(Records from a collection)
====================

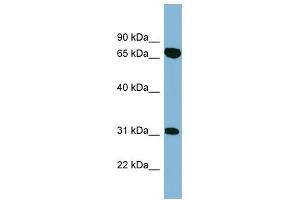 HIRIP3 antibody used at 1 ug/ml to detect target protein.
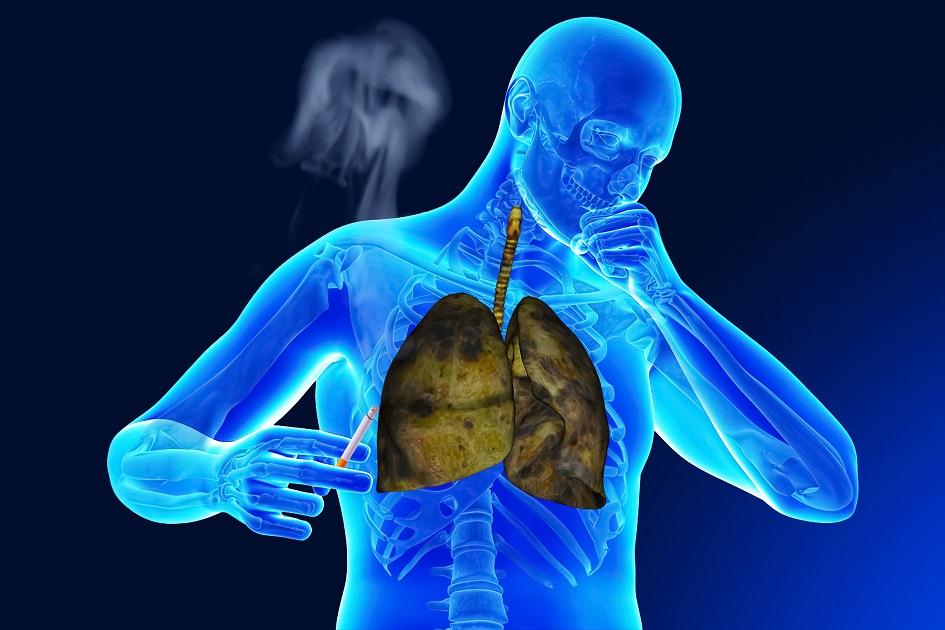 As vezes pode parecer um incomodo simples, mas a tosse, quando em excesso, pode ser sintoma de graves doenças respiratórias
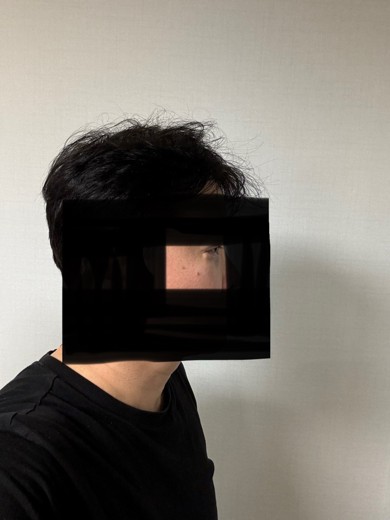 after photo: 눈밑지방재배치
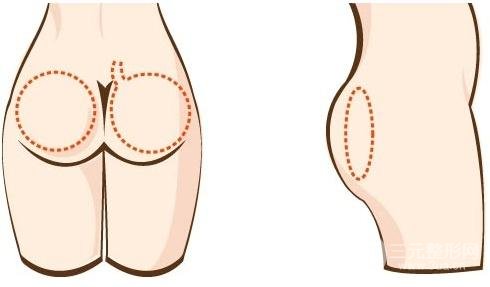 但是选择正规专业的医生可以降低手术风险,提臀术一般大致有如下几个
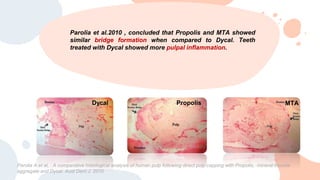 Parolia et al.2010 , concluded that Propolis and MTA showed
similar bridge formation when compared to Dycal. Teeth
treated with Dycal showed more pulpal inflammation.
Dycal Propolis MTA
Parolia A et al, . A comparative histological analysis of human pulp following direct pulp capping with Propolis, mineral trioxide
aggregate and Dycal. Aust Dent J. 2010
 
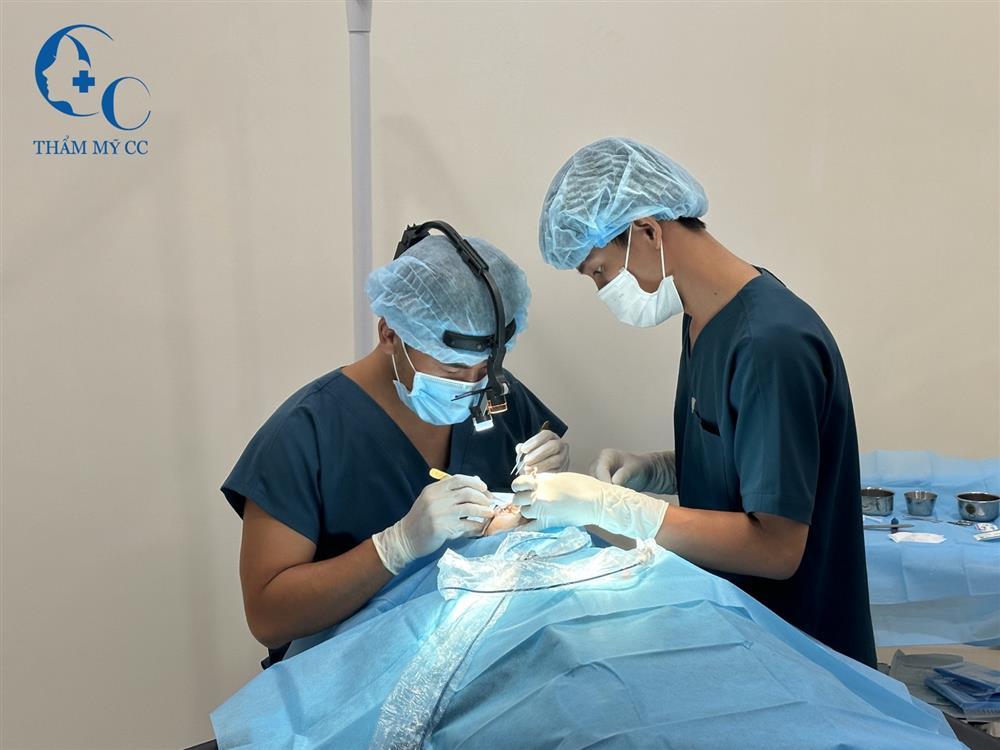 Bác sĩ Thẩm mỹ CC tư vấn cách cắt mí Plasma đẹp tự nhiên và an toàn-2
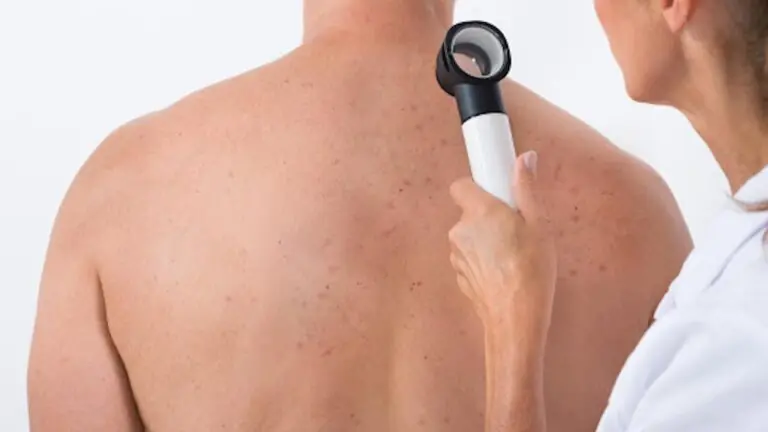 Herpes Zóster: entenda o que é, sintomas e como tratar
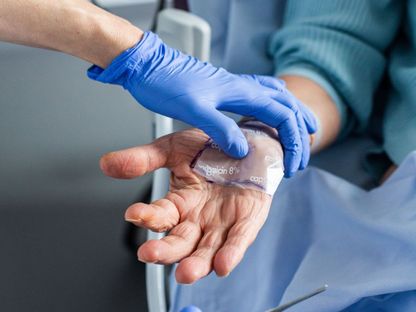 امرأة تستخدم علاجاً موضعياً على الجلد في فرنسا. 4 فبراير 2021 - AFP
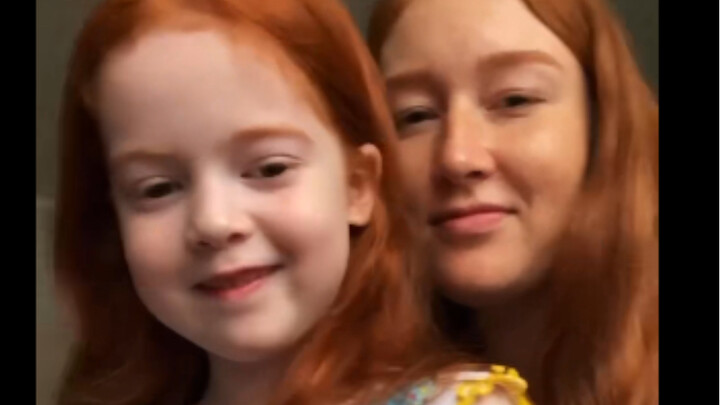 Where do you think most redheads live? No, not in the countries you're imagining.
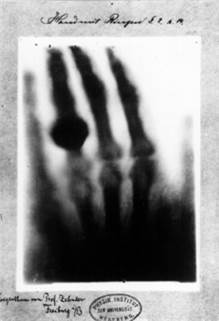 ▲ <인류 최초의 X-선 사진, Wilhelm Conrad Roentgen>, 1895.12.22.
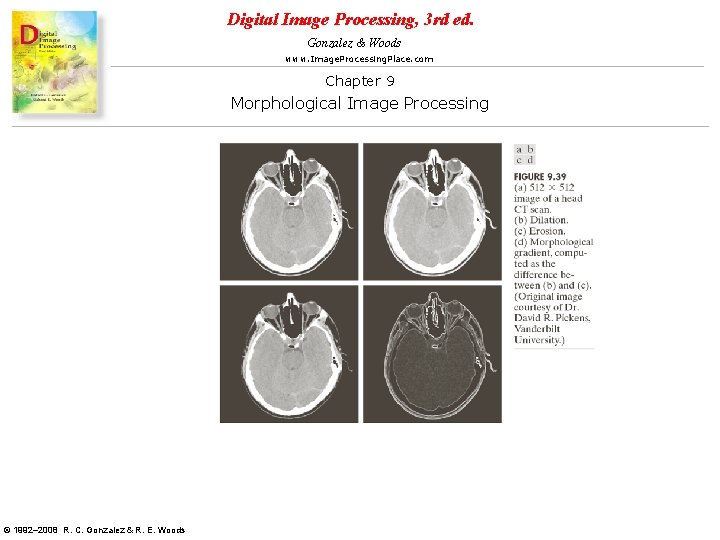 Digital Image Processing, 3 rd ed. Gonzalez & Woods www. Image. Processing. Place. com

====================

Work instruction: The lines from the one containing "Herpes Zóster: entenda" through the last line of the entries are to be copied exactly, both ends included, and the pictures are to be omitted.

Response for this exercise:
 Herpes Zóster: entenda o que é, sintomas e como tratar
 امرأة تستخدم علاجاً موضعياً على الجلد في فرنسا. 4 فبراير 2021 - AFP
 Where do you think most redheads live? No, not in the countries you're imagining.
 ▲ <인류 최초의 X-선 사진, Wilhelm Conrad Roentgen>, 1895.12.22.
 Digital Image Processing, 3 rd ed. Gonzalez & Woods www. Image. Processing. Place. com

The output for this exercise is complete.